Answer:
a) α = ¹²/₇ L/g
b) v = √(²⁷/₁₄ gL)
Explanation:
The net torque on the rod is equal to its moment of inertia about its pivot times the angular acceleration. The torque is equal to the force of gravity times the distance between the center and the pivot. Energy is conserved, so as the rod falls, the potential energy is converted to rotational kinetic energy.
a) Draw a free body diagram. There are two forces on the rod, weight force mg pulling down at the center of the rod (which is ¼ L from the pivot), and reaction force R at pivot P. Sum of moments about the pivot P:
∑τ = Iα
mg (¼ L) = Iα
The moment of inertia of a rod about its center is I = ¹/₁₂ mL². Using parallel axis theorem, the moment of inertia offset from the center by ¼ L is:
I = ¹/₁₂ mL² + m (¼ L)²
I = ¹/₁₂ mL² + ¹/₁₆ mL²
I = ⁴/₄₈ mL² + ³/₄₈ mL²
I = ⁷/₄₈ mL²
Substituting:
mg (¼ L) = ⁷/₄₈ mL² α
g = ⁷/₁₂ L α
α = ¹²/₇ L/g
b) The initial potential energy equals the final kinetic rotational energy.
PE = RE
mgh = ½ Iω²
The height of the rod's center relative to the final position is h = ¼ L.

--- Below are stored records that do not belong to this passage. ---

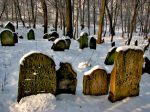 Nowy Wi�nicz - cmentarz �ydowski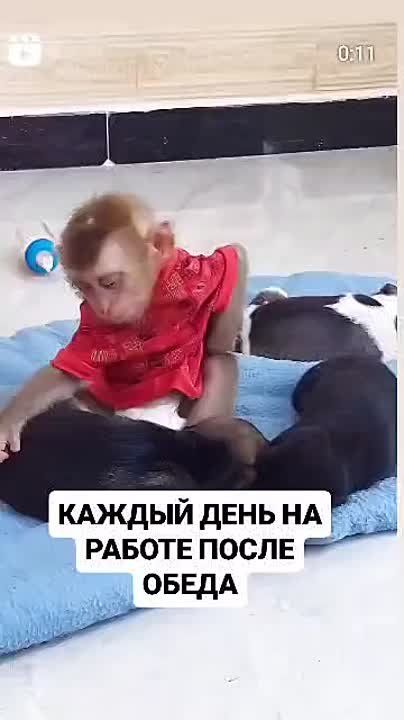 #������������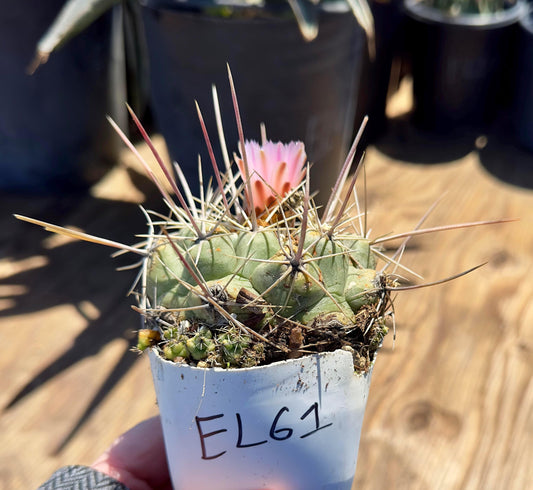 Thelocactus hexaedrophorus EL61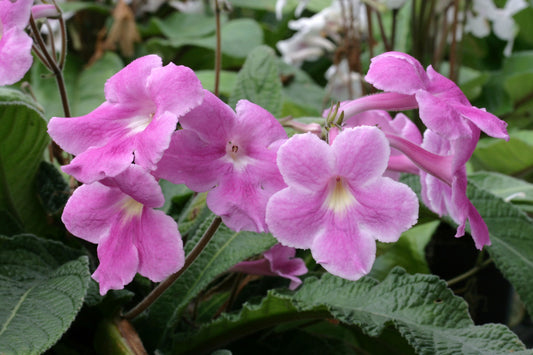 Streptocarpus Fiona - Dibleys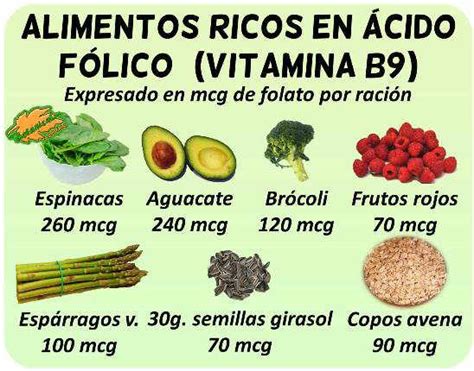 Alimentos ricos en ácido fólico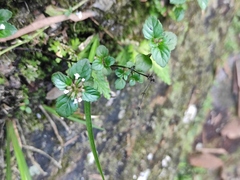 Clinopodium gracile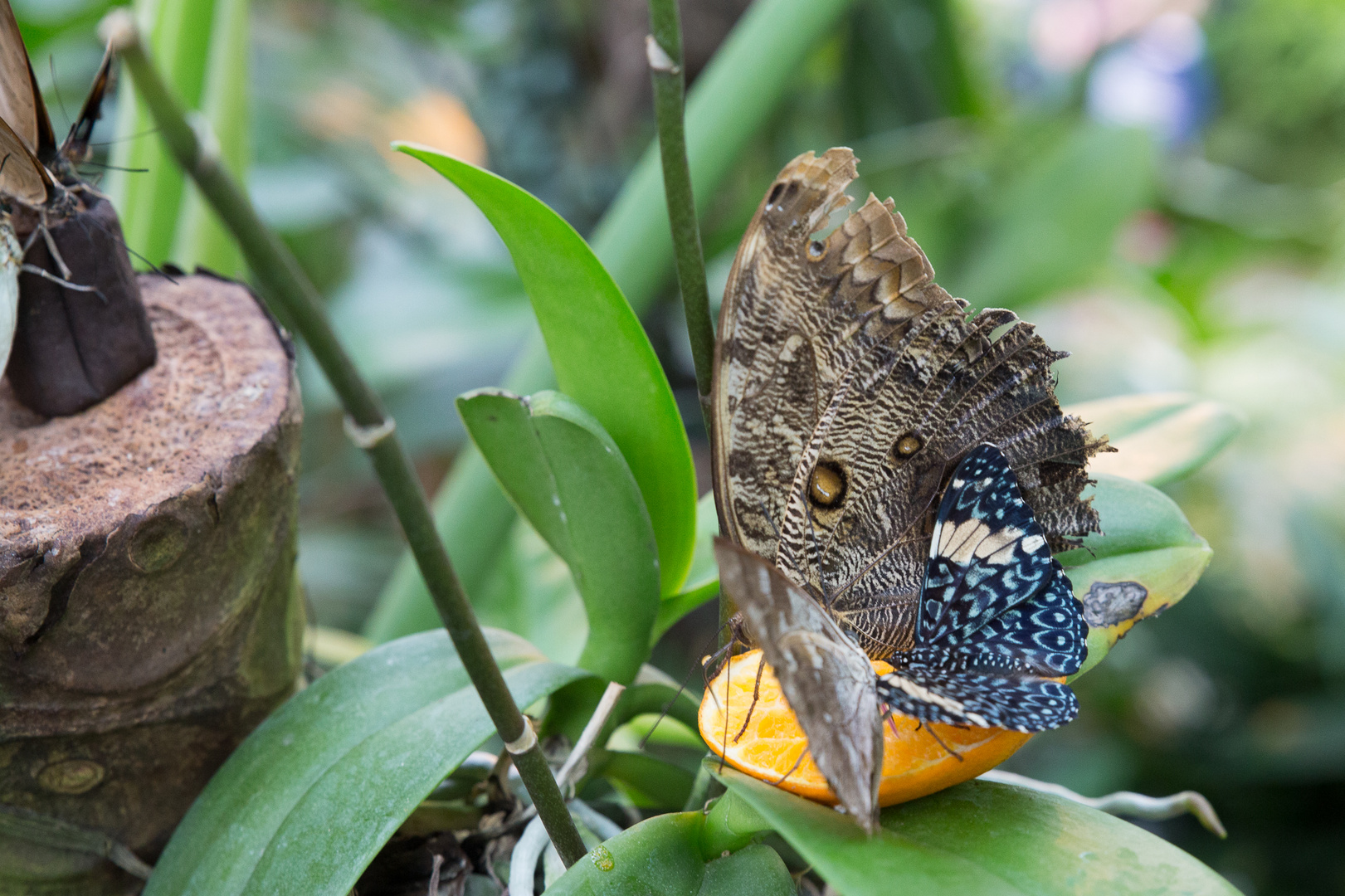 Schmetterlinge im Maximilian-Park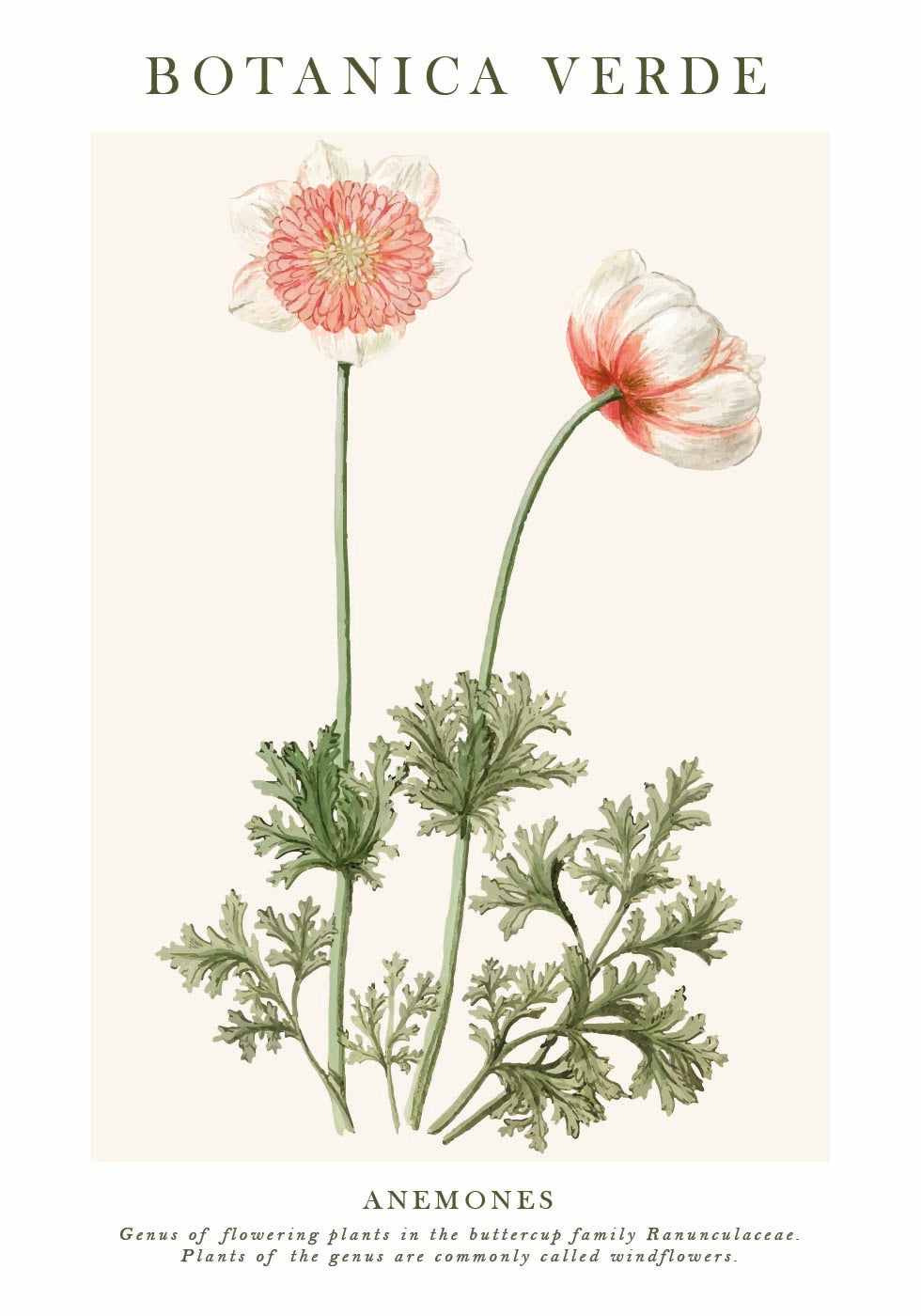 Anemones Plakat - Posterbox.dk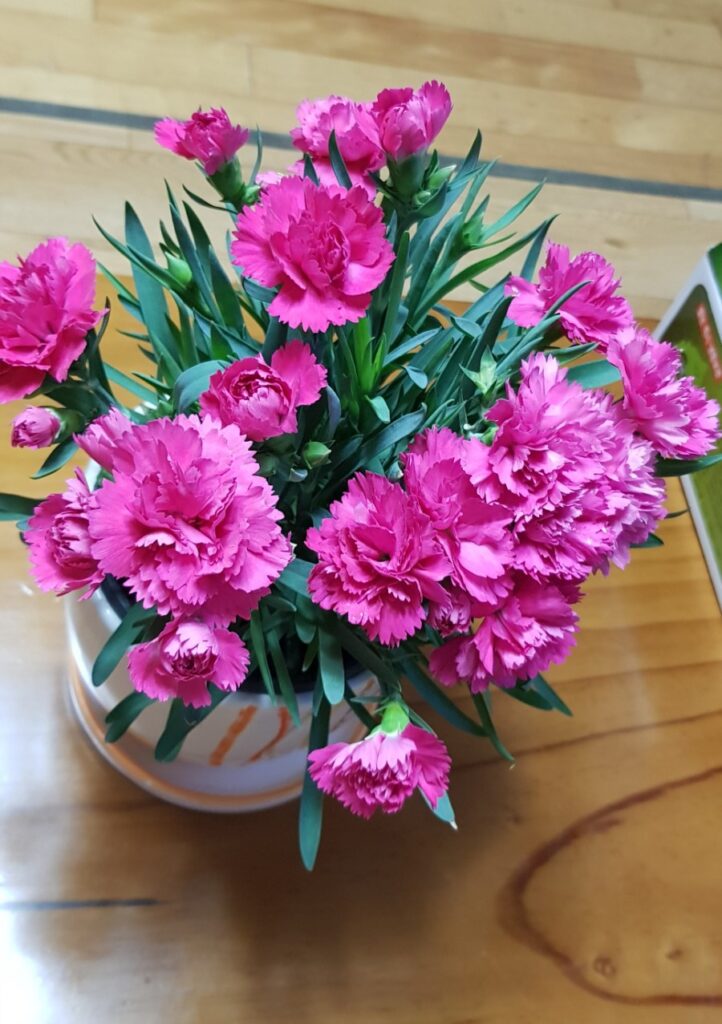 강북구 미아동 삼양동 백세사랑 재가복지센터 방문요양 장기요양등급신청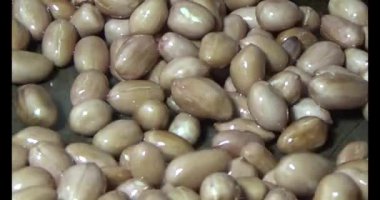 Tuzlu kavrulmuş fıstık.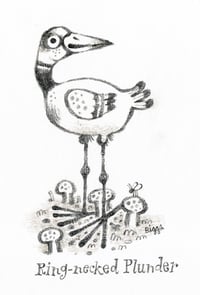 Ring-necked Plunder: original pencil drawing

mg (¼ L) = ½ (⁷/₄₈ mL²) ω²
¼ mgL = ½ m (⁷/₄₈ ω²L²)
½ gL = ⁷/₄₈ ω²L²
g = ⁷/₂₄ ω²L
ω² = ²⁴/₇ g/L
ω = √(²⁴/₇ g/L)
The tangential velocity (v) of the bottom of the rod is equal to the angular velocity (ω) times the distance between the bottom of the rod and the pivot (¾ L).
v = ω × ¾ L
v = ¾ L √(²⁴/₇ g/L)
v = √(⁹/₁₆ × ²⁴/₇ gL)
v = √(²⁷/₁₄ gL)